I'm not sure if my feelings on this are reasonable or not, but I feel so p*ssed off with DH that I need some general opinion.
As some background, last year I admitted after 20+ years that I had been sexually abused as a child. Our relationship had been suffering and things came to a head. I spent sometime in counselling and have had a real breakthrough in all sorts of ways. I have been starting to learn to feel less self conscious and more relaxed about sex. I thought that DH and I were closer than ever.
Last night DH told me that he was upset that I didn't enjoy oral sex (giving or receiving) and it's starting to bother him. He told me that sex has become 'samey' (i.e predictable) and that it's not turning him on enough.

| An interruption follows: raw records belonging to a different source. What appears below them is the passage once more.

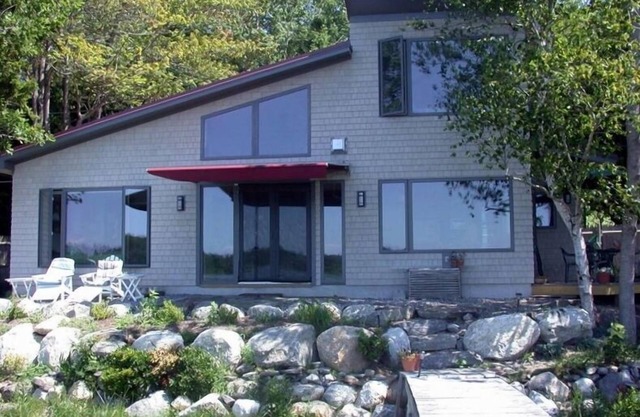 Tidal Cove - Cottage de charme informel reconstruit en confortable passif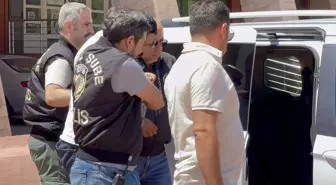 Sokak ortasında karşılaştığı genci silahla öldürdü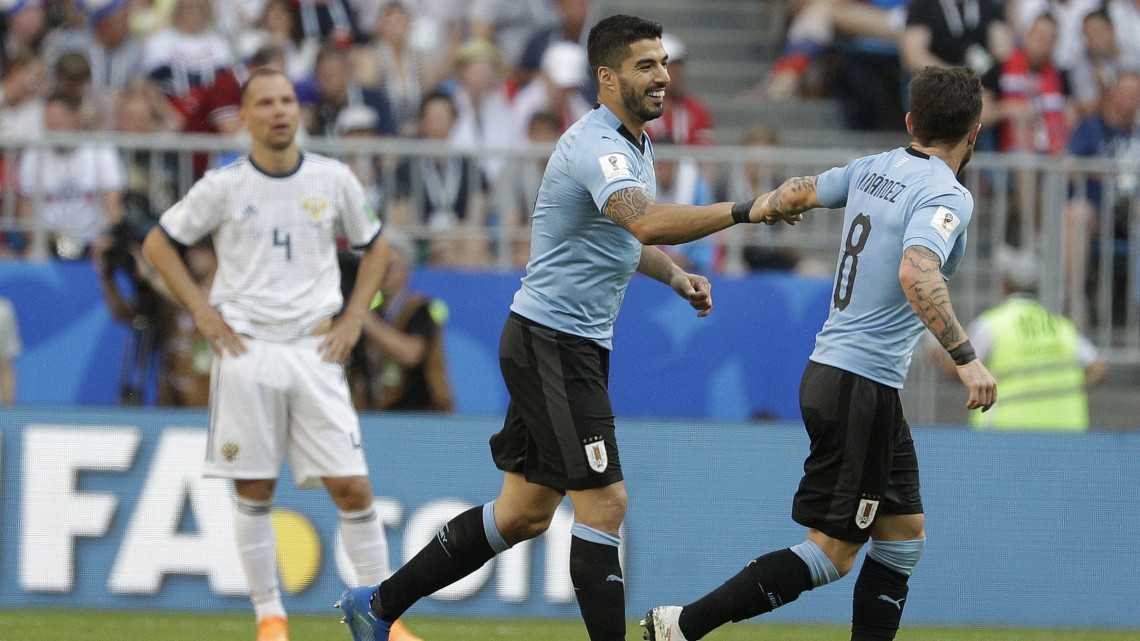 Szamara, 2018. június 25.Az uruguayi Luis Suárez (k) ünnepel csapattársával, Nahitan Nandezzel, miután gólt szerzett az oroszországi labdarúgó-világbajnokság A csoportjának harmadik fordulójában játszott Uruguay-Oroszország mérkőzésen a Szamara Arénában 2018. június 25-én. (MTI/AP/Gregorio Borgia)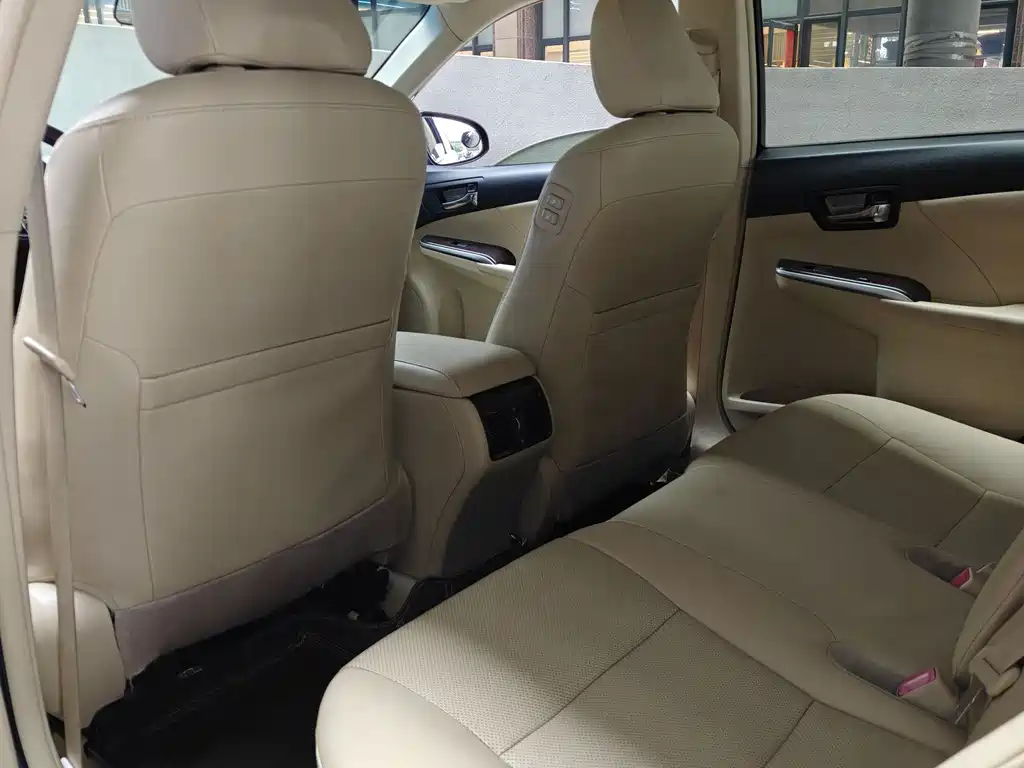 Toyota Camry — миниатюра 7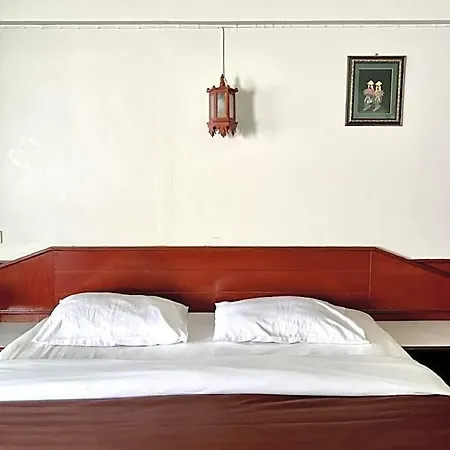 Nn Hotel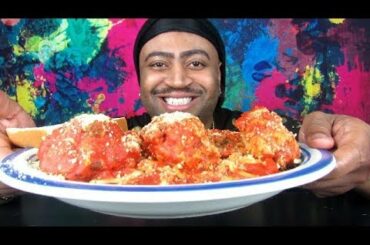 Spaghetti and HUGE Meatball Mukbang |  Eat With Me |  Cheesy Italian Food
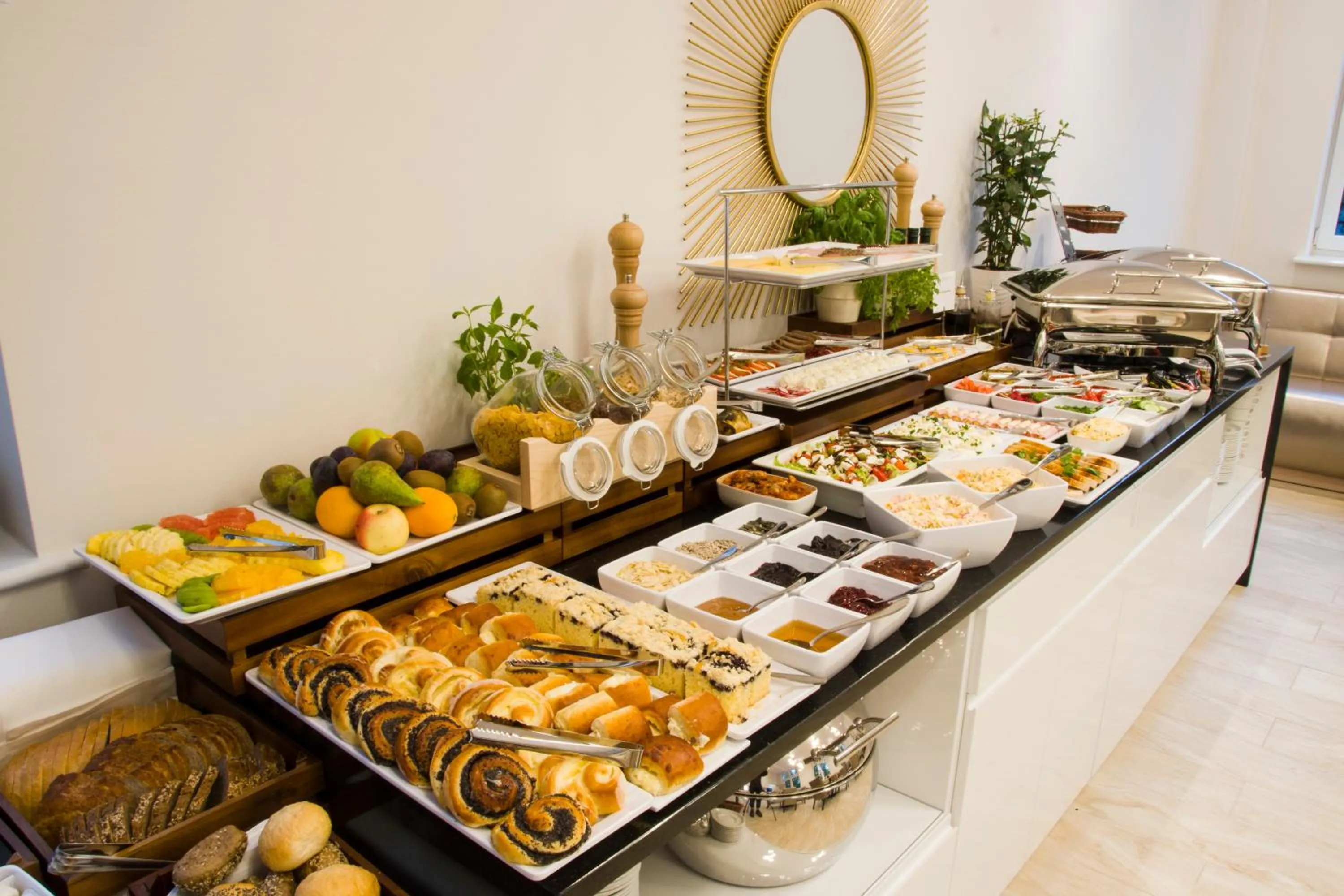 Restaurant/places to eat in The Sun by Lubicz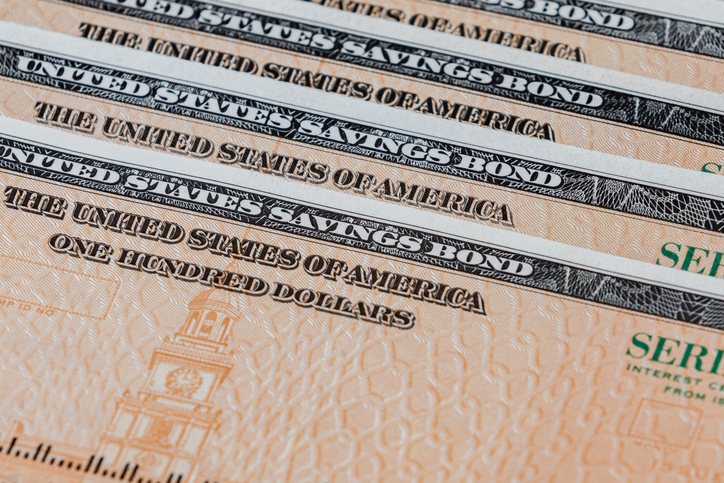 Treasury note vs. Treasury bond: Key differences and when to buy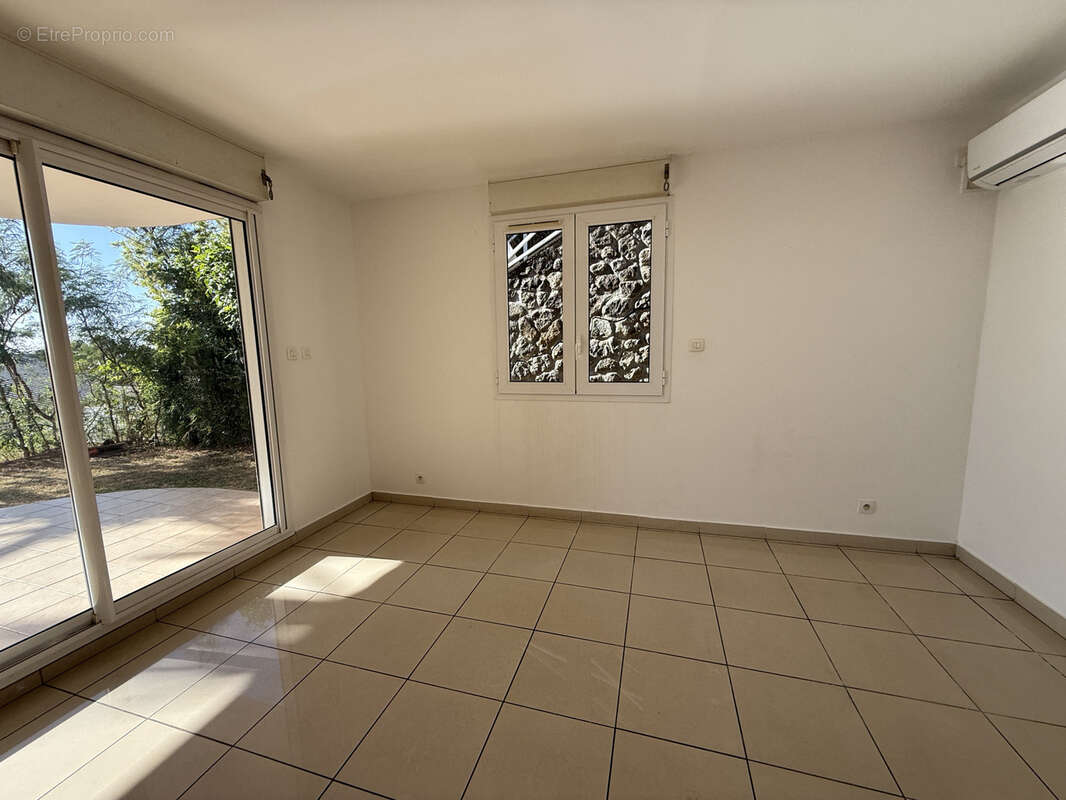 Appartement à SAINT-DENIS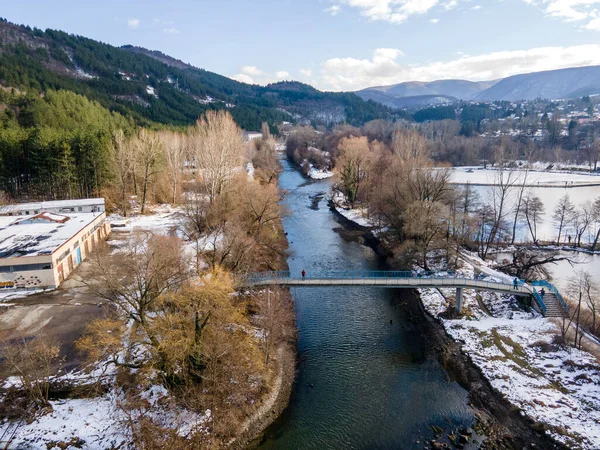 Bulgaristan 'ın başkenti Sofya' daki Pancharevo Gölü 'nün kış manzarası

His concern is that oral sex is one of my 'issues' and I need to learn to get over it. In fact it isn't something I have a real hang up about - I just don't like it that much. The problem is that DH feels that there is something abnormal about the fact that I don't like it, and I need to deal with it.
I'm angry because:
1)He won't accept that my dislike/lack of interest in oral sex is not something I need to 'get over'. It's my body - I am allowed not to like certain things.
2)Having spent the last 4 months trying to feel relaxed and happy about sex, he has suddenly piled a whole heap of pressure on me again.
3)Having learnt to enjoy sex again and start to feel a real connection with him, he delivered a huge slap to the face by telling me it's not enough to keep him interested.
I don't know what to say to him. More than feeling angry, I actually feel depressed that after all we've been through he can't just let this go. Surely we can't be the only people in the world who don't have oral sex?
Any advice welcome, thanks for reading.